Like Paul, we should be as harmless as doves when it comes to those with a profession of faith - as those for whom Christ died - and treat them gently with regard to working out their salvation. But when it comes to a matter of the undeniable truths of the gospel we should be fierce and uncompromising lions, ready to rebuke and correct with all dispatch at the first sign of corruption.

So here, Paul is about to embark upon the resolution of a pastoral issue and not a doctrine related to the fundamentals of the gospel. And the resolution lies not in the waving of mere knowledge in the face of those with a problem, but in the recognition of them as people who are working through an issue in the fullness of God’s time. The answer in such a case is not browbeating, but a love that gives room for the Spirit to educate the mind and change the disposition on a matter.

And thus the over arching principle of love is brought into the discussion by Paul. Love must be the underlying motivation for resolving problems and for imparting instruction and correction in the church. So long as it is equally understood that love can bend over backwards or it can rebuke, according to the situation. Both forbearance and discipline can be expressions of love; both patience and rebuke can have the best interest of the receiver in mind.

Knowledge is not what we think it is. It is not something we possess as an asset that gives credit to our person for diligence or effort or simply for innate intelligence. To put it this way is counter intuitive, but it is true. We must be diligent in pursuing knowledge; we must expend effort in order to do so - and we alone are culpable if we fail in these respects. But when knowledge comes as a result of these things we do not take credit for the information itself just because we have grasped it. All truth comes from God who is the Truth - and information or knowledge is, in its most perfect form, simply the truth about what is.

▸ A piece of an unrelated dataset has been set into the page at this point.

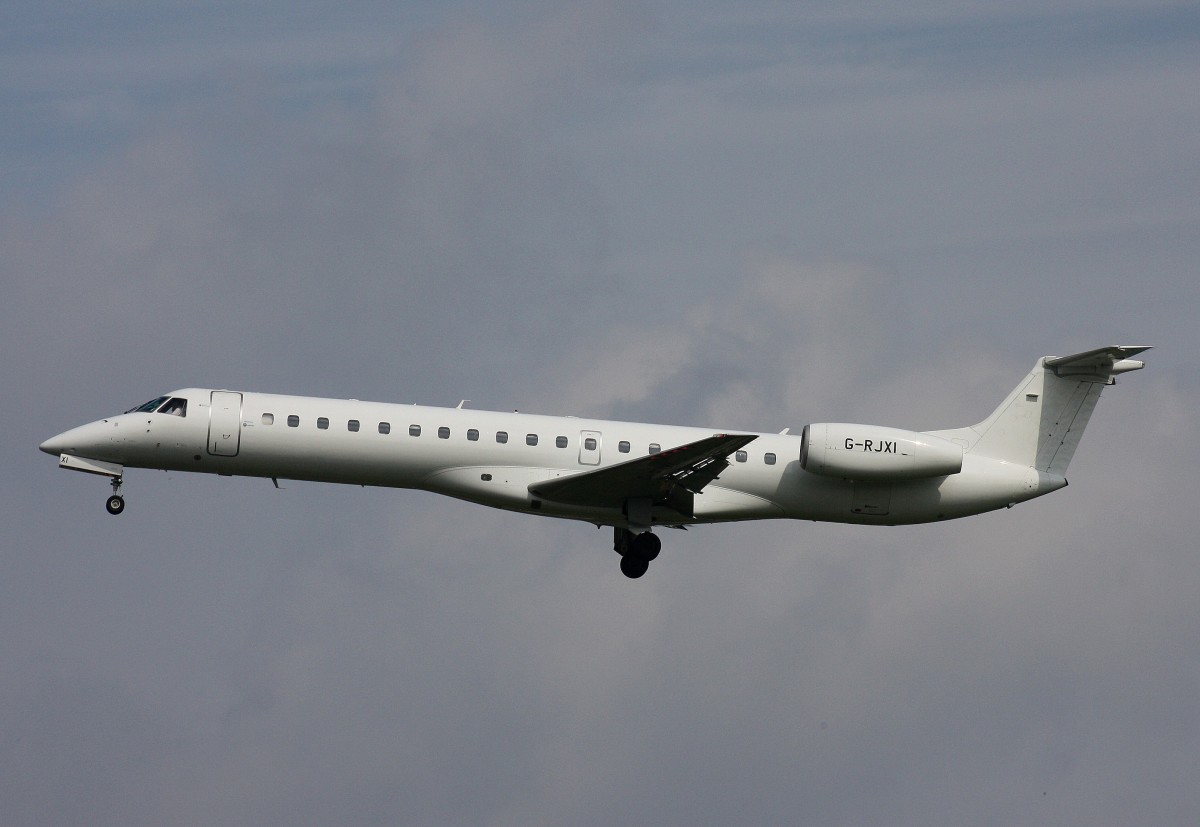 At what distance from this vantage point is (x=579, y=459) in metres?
35.5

This is why Paul speaks of us "not knowing as we ought to know" as soon as we think we know. There is One who knows and that is God. He knows all things exhaustively and perfectly - including us. We do not even know ourselves. But God knows not only us, but Himself with infinite and unblemished clarity. The point is that, next to God’s perfect understanding, our light is limited, derivative and dependant upon Him.

So what does it mean that "if anyone loves God, he is known by God?" Obviously it cannot mean that God does not have perfect knowledge of those who do not love Him. And it does not mean that we somehow imbue or enable or permit God to have perfect knowledge of us when we "deign" to love Him. No! What comes first? Is it love for God or is it being known by God?

Could we not more properly take this to say that "if anyone is known by God, He loves God?" How can I say this when the Bible puts the words the other way round? I can because the Bible uses the word "knows" in a very special way when it relates to God’s people. In their case the "knowing" (or Greek ginosko) carries the sense of intimacy. For the believer, to be "known" by God is similar to the way Adam "knew" his wife. It doesn’t just mean that they were acquainted, but there was an intimate relationship of the very deepest and most personal sort.

Thus God both foreknows (proginosko) and knows (ginosko) His people. He loves them first. Before they are even born He has loved them with an everlasting love, knowing all that they will be and do from the moment of their birth to their physical death. He has covenanted to a union with them in His Son, the Lamb slain from the foundation of the world. And it is because of this covenant that His people ultimately come to love Him. "All that the Father gives to me shall come to me..." {Joh 6:37, 44} Thus, "if anyone loves God, he is known by Him."